Closed RaimondB closed 4 years ago

RaimondB commented 4 years ago

Add metrics and report them to (at least) influxdb.

Sensible metrics:

Using a framework such as https://www.app-metrics.io/reporting/reporters/influx-data/

jeroenhe commented 4 years ago

That would certainly be nice additions.

Not sure if it fits here, but what I'd like to have is the process offering a (HTTP API) health endpoint I can query using the HEALTHCHECK-functionality (part of the docker engine). This could help me detect and restart the container in case it doesn't function properly, according to its own provided API.

RaimondB commented 4 years ago

Not sure if it fits here, but what I'd like to have is the process offering a (HTTP API) health endpoint I can query using the HEALTHCHECK-functionality (part of the docker engine). This could help me detect and restart the container in case it doesn't function properly, according to its own provided API.

In the dev tag I have now a container image that includes a health check. @jeroenhendricksen Can you check if this also works in your environment?
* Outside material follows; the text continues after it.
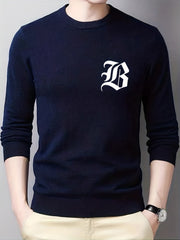 Men's Crew Neck Knitted Sweater, Warm Mid Stretch Pullover for Fall Winter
jeroenhe commented 4 years ago

Not sure if it fits here, but what I'd like to have is the process offering a (HTTP API) health endpoint I can query using the HEALTHCHECK-functionality (part of the docker engine). This could help me detect and restart the container in case it doesn't function properly, according to its own provided API.

In the dev tag I have now a container image that includes a health check. @jeroenhendricksen Can you check if this also works in your environment?

It seems to work perfectly after only pulling the latest image and restarting it! The healthcheck reports a good health:

detecticam ./DetectiCam --configdir=/ ... Up (healthy) 80/tcp

I haven't really found a good way to make detecticam unhealthy (after first running a while), but when the container dies, it will auto restart itself thanks to autoheal (and yes, i need a kubernetes cluster ;-)

RaimondB commented 4 years ago

I haven't really found a good way to make detecticam unhealthy (after first running a while), but when the container dies, it will auto restart itself thanks to autoheal (and yes, i need a kubernetes cluster ;-)

I have tested the restarting by using docker stack deploy. And converting my node to a docker swarm single node cluster. K8s is just a bit to much for the home automation I have experienced :-) . But swarm seems to be a good alternative. I am now trying out portainer as a management console for the swarm. https://www.portainer.io/documentation/ . One drawback is that the containernames now become very long. And this messes up the docker grafana dashboard I have. But maybe I'll try out the Elastic + Prometheus setup. I have seen some nice Grafana dashboards for that stack.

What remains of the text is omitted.